Custom XmlResolver for embeded DTD

·3 mins

Writing a component for parsing XML files with XMLSerializer I had to provide DTD validation (DTD file was already created long time ago so there was no sense for creating XSD schema). The component must have been able to work in console application and web app (as a SharePoint timer job) so there was no chance to guarantee the same paths for DTD file (which was always specified in doctype directive in processed files). In such situation I’ve decided to deliver the DTD file as embedded resource in component assembly.

If you had ever faced the similar problem you probably know that standard XmlResolver implementations in .Net framework will not able to find DTD in such location. If you try you will probably get an exception like this:

System.InvalidOperationException: There is an error in XML document (0, 0).
---> System.Xml.XmlException: Cannot resolve external DTD subset - public ID = '', system ID = 'yourDTDFileDefinedInDoctype.dtd'.  

or something similar. Thats why you have to provide the XmlSerializer some your own mechanism that will find the DTD file - custom XmlResolver.
There is a good example how to do this on MSDN. I’ve changed it a little bit to cover the use case with embedded resources.

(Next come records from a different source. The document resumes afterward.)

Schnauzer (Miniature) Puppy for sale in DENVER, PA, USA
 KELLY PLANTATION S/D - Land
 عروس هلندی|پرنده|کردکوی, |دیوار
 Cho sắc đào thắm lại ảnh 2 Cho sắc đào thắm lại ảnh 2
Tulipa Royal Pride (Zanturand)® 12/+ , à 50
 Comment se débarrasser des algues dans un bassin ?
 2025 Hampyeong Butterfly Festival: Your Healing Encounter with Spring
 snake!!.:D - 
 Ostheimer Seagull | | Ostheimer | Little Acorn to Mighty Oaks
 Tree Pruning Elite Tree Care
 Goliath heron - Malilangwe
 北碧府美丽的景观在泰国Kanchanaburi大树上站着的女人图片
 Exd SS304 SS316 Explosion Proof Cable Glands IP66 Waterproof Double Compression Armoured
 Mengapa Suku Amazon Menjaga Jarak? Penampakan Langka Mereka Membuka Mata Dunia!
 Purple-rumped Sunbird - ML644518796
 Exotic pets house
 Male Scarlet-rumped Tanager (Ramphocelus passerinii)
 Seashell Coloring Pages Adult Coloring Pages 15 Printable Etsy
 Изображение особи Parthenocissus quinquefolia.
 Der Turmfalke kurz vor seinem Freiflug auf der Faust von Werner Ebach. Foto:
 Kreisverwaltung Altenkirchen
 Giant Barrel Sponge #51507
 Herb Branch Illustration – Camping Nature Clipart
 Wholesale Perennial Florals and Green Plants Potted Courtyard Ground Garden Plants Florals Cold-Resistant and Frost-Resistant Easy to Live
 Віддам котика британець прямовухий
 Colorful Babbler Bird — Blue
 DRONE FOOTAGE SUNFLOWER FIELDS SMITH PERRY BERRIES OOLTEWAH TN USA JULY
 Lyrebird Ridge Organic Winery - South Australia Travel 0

public class XmlEmbededResolver : XmlUrlResolver  
{  
    private readonly string dtdResourcePathPrefix;  

    public XmlEmbededResolver(string dtdResourcePathPrefix)  
    {  
        this.dtdResourcePathPrefix = dtdResourcePathPrefix;  
    }  

    public override object GetEntity(Uri absoluteUri, string role, Type ofObjectToReturn)  
    {  
        if (absoluteUri == null)  
        {  
            throw new ArgumentNullException("absoluteUri");  
        }  

        if (isDocumentTypeDefinitionFile(absoluteUri) &&  
            (ofObjectToReturn == null || ofObjectToReturn == typeof(Stream)))  
        {  
            var filePath = dtdResourcePathPrefix + getFileName(absoluteUri);  
            var resourceStream = Assembly.  
                GetExecutingAssembly().  
                GetManifestResourceStream(filePath);  

            if (resourceStream == null)  
            {  
                throw new FileNotFoundException("Embeded DTD file not found", filePath);  
            }  

            return resourceStream;  
        }  

        return base.GetEntity(absoluteUri, role, ofObjectToReturn);  
    }
}

Parameter dtdResourcePathPrefix in constructor points the location of DTD (without file name) in the assembly (usually the default namespace + folder path).
The utility method isDocumentTypeDefinitionFile() is used for determining if entity passed by XmlSerializer to resolve is actually an DTD file (XmlResolver is used resolve any kind of external resources defined in XML file):

private static bool isDocumentTypeDefinitionFile(Uri absoluteUri)  
{  
    return absoluteUri.IsFile &&  
    absoluteUri.AbsolutePath.EndsWith(".dtd");  
}  

getFileName(), as its name suggests, returns the name of DTD:

private static string getFileName(Uri absoluteUri)  
{  
    return absoluteUri.Segments.Last();  
}  

Using the custom resolver is pretty simple - you just pass it as setting to XmlReader in Create() method:

var readerSettings = new XmlReaderSettings  
{  
    ProhibitDtd = false,  
    ValidationType = ValidationType.DTD,  
    XmlResolver = new XmlEmbededResolver(dtdResourcePathPrefix)  
};  

using (var reader = XmlReader.Create(xmlFileStream, readerSettings))  
{  
    var serializer = new XmlSerializer(typeof (YourXmlDataType));  
    var rawImportEntry = (YourXmlDataType)serializer.Deserialize(reader);  
    // ...  
}  

I can easily imagine other implementations of XmlResolver - for example to provide external resources from the web services (of course if someone see any sense in creating such thing ;-)

Happy coding!

A notice for archeologists...🏺 This post was originaly published on my previous blog and moved here. Some links and resources might not be up to date.